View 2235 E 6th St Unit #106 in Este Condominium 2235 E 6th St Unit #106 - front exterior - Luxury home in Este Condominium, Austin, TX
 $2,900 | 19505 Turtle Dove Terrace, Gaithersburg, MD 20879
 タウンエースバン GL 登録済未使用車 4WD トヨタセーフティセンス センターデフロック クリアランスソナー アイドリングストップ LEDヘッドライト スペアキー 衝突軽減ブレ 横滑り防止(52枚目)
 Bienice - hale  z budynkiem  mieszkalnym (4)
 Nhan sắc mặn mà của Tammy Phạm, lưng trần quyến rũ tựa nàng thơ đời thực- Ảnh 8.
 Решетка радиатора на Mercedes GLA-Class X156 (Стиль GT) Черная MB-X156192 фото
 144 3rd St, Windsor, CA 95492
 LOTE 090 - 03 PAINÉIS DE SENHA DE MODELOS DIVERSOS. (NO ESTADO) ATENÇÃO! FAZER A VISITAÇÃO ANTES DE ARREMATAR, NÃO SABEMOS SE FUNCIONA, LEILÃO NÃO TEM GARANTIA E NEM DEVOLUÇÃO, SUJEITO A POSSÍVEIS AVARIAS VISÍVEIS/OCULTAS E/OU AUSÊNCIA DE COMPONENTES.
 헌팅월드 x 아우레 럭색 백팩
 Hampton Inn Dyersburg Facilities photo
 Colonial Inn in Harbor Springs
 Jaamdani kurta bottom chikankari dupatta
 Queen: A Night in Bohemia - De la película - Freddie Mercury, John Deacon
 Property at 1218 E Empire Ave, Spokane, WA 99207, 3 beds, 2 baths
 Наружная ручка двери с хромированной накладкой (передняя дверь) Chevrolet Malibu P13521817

EXERCISE PROMPT: Could you transcribe the entries exactly, from the first line through the line containing "Bienice - hale", and give nothing more?

WRITTEN REPLY:
View 2235 E 6th St Unit #106 in Este Condominium 2235 E 6th St Unit #106 - front exterior - Luxury home in Este Condominium, Austin, TX
 $2,900 | 19505 Turtle Dove Terrace, Gaithersburg, MD 20879
 タウンエースバン GL 登録済未使用車 4WD トヨタセーフティセンス センターデフロック クリアランスソナー アイドリングストップ LEDヘッドライト スペアキー 衝突軽減ブレ 横滑り防止(52枚目)
 Bienice - hale  z budynkiem  mieszkalnym (4)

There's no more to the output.